En 2019, l’agrandissement du centre pénitentiaire permet enfin aux bénévoles de la Halte Saint-Vincent de prendre leurs quartiers au sein de la prison et de déployer de nouveaux services auprès des familles.
Tous les matins de 10 heures à 11 heures, sauf les lundis, les familles sans permis de visite peuvent déposer du linge auprès des bénévoles, qui sera examiné par les agents pénitentiaires puis remis à leur proche incarcéré. Sur une table d’écolier, Marie-Christine dresse l’inventaire de chaque sac, avec l’aide de la famille.
« C’est souvent un bon moment pour discuter », confie l’équipière, l’air espiègle. Membre depuis 2021, l’ex-opticienne de 78 ans reconnaît la difficulté et l’exigence du rôle de bénévole. « Il n’est pas toujours évident de garder la bonne distance », confie la retraitée, pour qui répondre « je comprends » à un visiteur est défendu. « On ne peut pas comprendre ce qu’ils traversent, alors on se contente de poser des questions ouvertes comme “En quoi puis-je vous aider ?” ou (sa) préférée : “Vous voulez boire quelque chose ?” »

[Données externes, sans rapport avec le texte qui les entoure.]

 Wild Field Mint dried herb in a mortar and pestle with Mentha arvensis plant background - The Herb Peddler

« Ce n’est pas le monde des bisounours »
Et la liste des interdictions s’étend encore au-delà : ne pas poser de questions sur la vie privée, ne pas rester en contact en dehors du centre pénitentiaire, ne pas donner son prénom… « C’est notamment une question de sécurité », enseignent les formations de l’Uframa – Union des associations d’accueil de familles de détenus, qui alertent sur le possible intérêt de certains individus à faire passer des objets dans la prison, par le biais des bénévoles. « Ce n’est pas le monde des bisounours, ici », rappelle, Marie-Christine, d’un ton plus sérieux.

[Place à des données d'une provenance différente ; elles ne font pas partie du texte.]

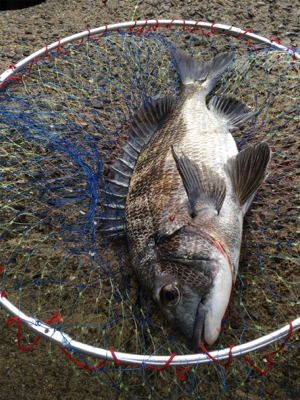 朝まずめ釣行 いい濁り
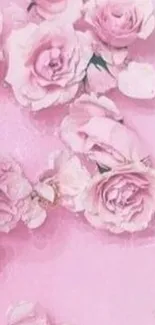 Elegant pink roses on pastel background, perfect for phone wallpaper.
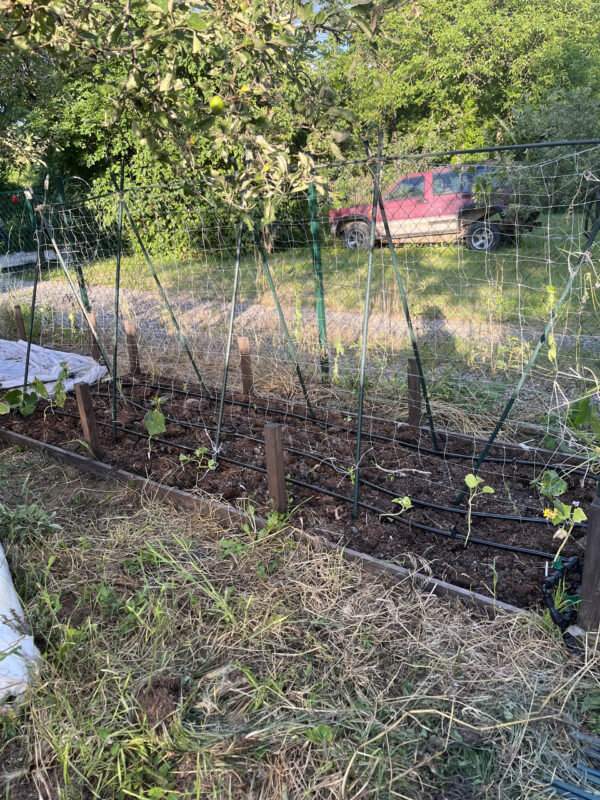 Uborkahálón fut a dinnye is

Assise, seule sur une chaise, une femme d’une cinquantaine d’années patiente, le regard fatigué. Elle a pris le bus de nuit à une heure du matin la veille, depuis Bordeaux, pour rendre visite à son ami. Le car n’est pas arrivé à l’heure initialement prévue. En retard de cinq minutes seulement, l’accès au parloir lui est refusé. « On y repense chez nous le soir, et c’est difficile », confie Évelyne de Larquier, depuis son bureau.
Encore marqué par le regard triste d’une jeune fille ou les larmes d’un père meurtri par l’incarcération de son fils, la présidente, grand-mère de dix petits-enfants, se raccroche à sa foi. « Il faut continuer à marcher dans les pas de saint Vincent », affirme-t-elle, en référence au patron des œuvres de charité, dont son association est directement héritière. Derrière elle, une lettre de remerciement, comme une lueur d’espoir, est accrochée au mur. « Merci à chacun d’entre vous, écrit l’anonyme, vous nous donnez de l’humanité dans ces moments difficiles. »
(1) Présentes dans 44 villes de France, les Équipes Saint-Vincent rassemblent plus de 1 150 bénévoles et sont regroupées en 11 régions, chacune animée par une conseillère nationale. Héritières des Confréries de la Charité fondées en 1617, elles travaillent en partenariat avec les pouvoirs publics, les diocèses, et d’autres mouvements de solidarité en France.